Luxembourg, 12/04/2005 (Agence Europe) - The Ecofin Council has examined the transposition of directive 2003/48/EC in Member States on savings tax. It examined ratification of agreements on equivalent measures to apply in five third countries (Andorra, Liechtenstein, Monaco, San Marino and Switzerland) as well as in ten dependencies and associate territories of the United Kingdom and the Netherlands. On 7 June, ministers will take a last look at the horizon before the expected entry into force on 1 July 2005 of the Community legislation. Member States announced that they wanted “written guarantees” from third countries and associative territories implementing identical legislations.
Jeannot Krecké the Luxembourg minister of the economy and external trade said that national transposition is almost finished and noted the “great progress” in the ratification agreements by the third countries and territories associated with the United Kingdom and Netherlands. Only Liechtenstein and Monaco have not yet transposed these agreements for different reasons, added Krecké. Laszlo Kovacs, Commissioner for tax said that he was completely satisfied by the good compromise on pending subjects.
Two points in the directive remain subject to interpretation from ministers. The first involves pooled investment bodies. The directive will include all indirect and direct investments worth more tan 15% of debt equity. The second point deals with ways for calculating interest for 2005. This will be subject to the European directive on interest payments calculated from 1 July 2005, with the exception of the interest incurred before this date. Luxembourg, which wanted a less restrictive interpretation on these two points, will only be in the right on the second. The directive 2003/48/EC aims to reduce tax fraud and double taxation. It will tax income from savings from physical persons according to the rules of the state where these people have their tax residence, whatever the Member State in which they made their savings deposits. As of 1 July 2005, savings income will be liable to taxation in the form of interest payments in the State where the savings are made. All Member States will introduce an information exchange system on the payment of interests carried out by paying agents (banks, investment funds) established on their territory to natural persons established in another Member State.

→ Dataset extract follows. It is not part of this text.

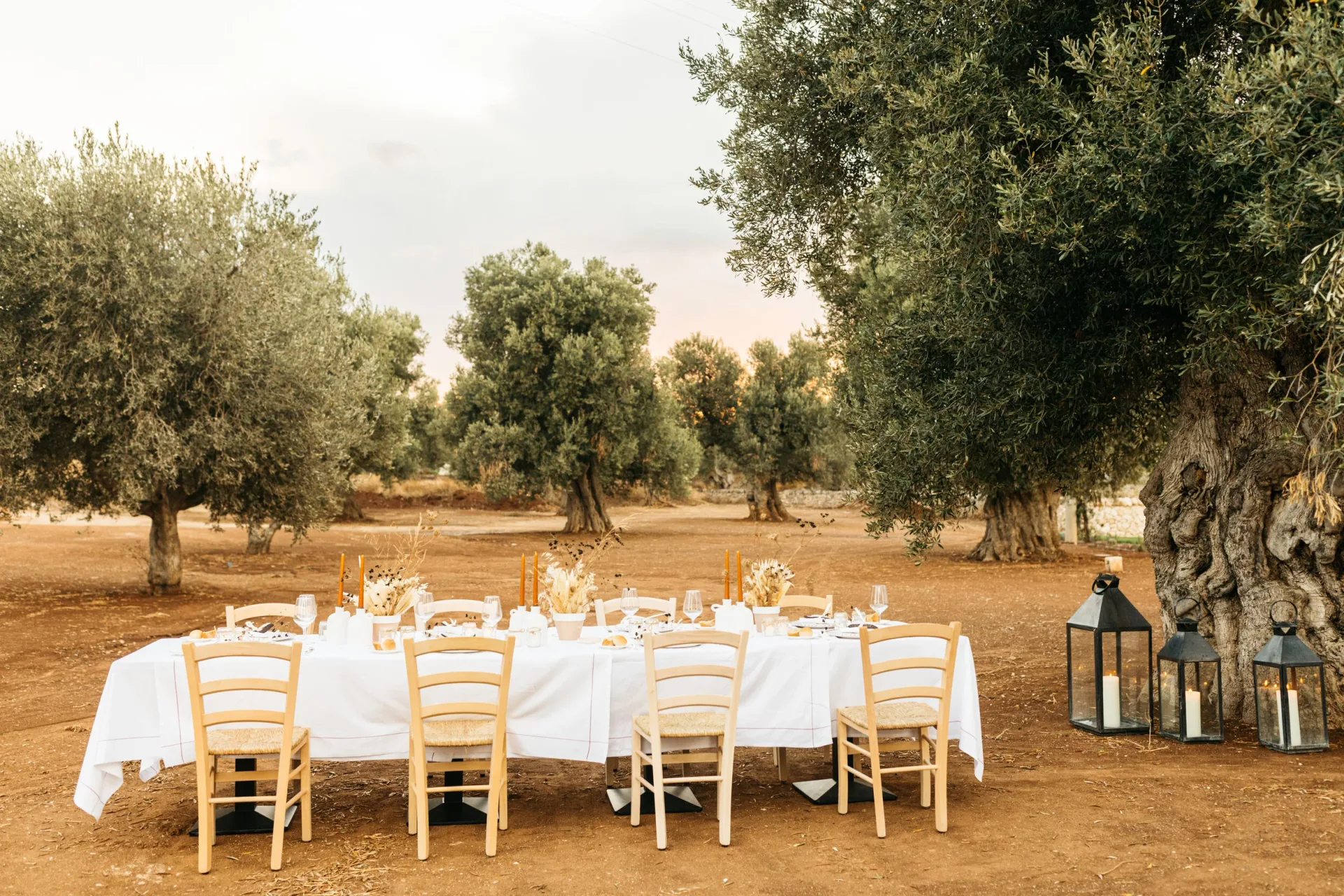 The Harvest Lunch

Austria, Belgium and Luxembourg enjoy a transitional period during which they will apply withholding at 15% during the first three years, 20% during the next three years and 35% thereafter. They will transfer 75% of receipts from this withholding to the natural person's country of residence for fiscal purposes. Enforcement of Directive 2003/48/EC is subject to implementation of equivalent agreements in the five third countries cited above and in the dependent or associate territories of the United Kingdom (Guernsey, Jersey and Isle of Man and five British territories in the Caribbean) and the Netherlands (Dutch Antilles and Aruba).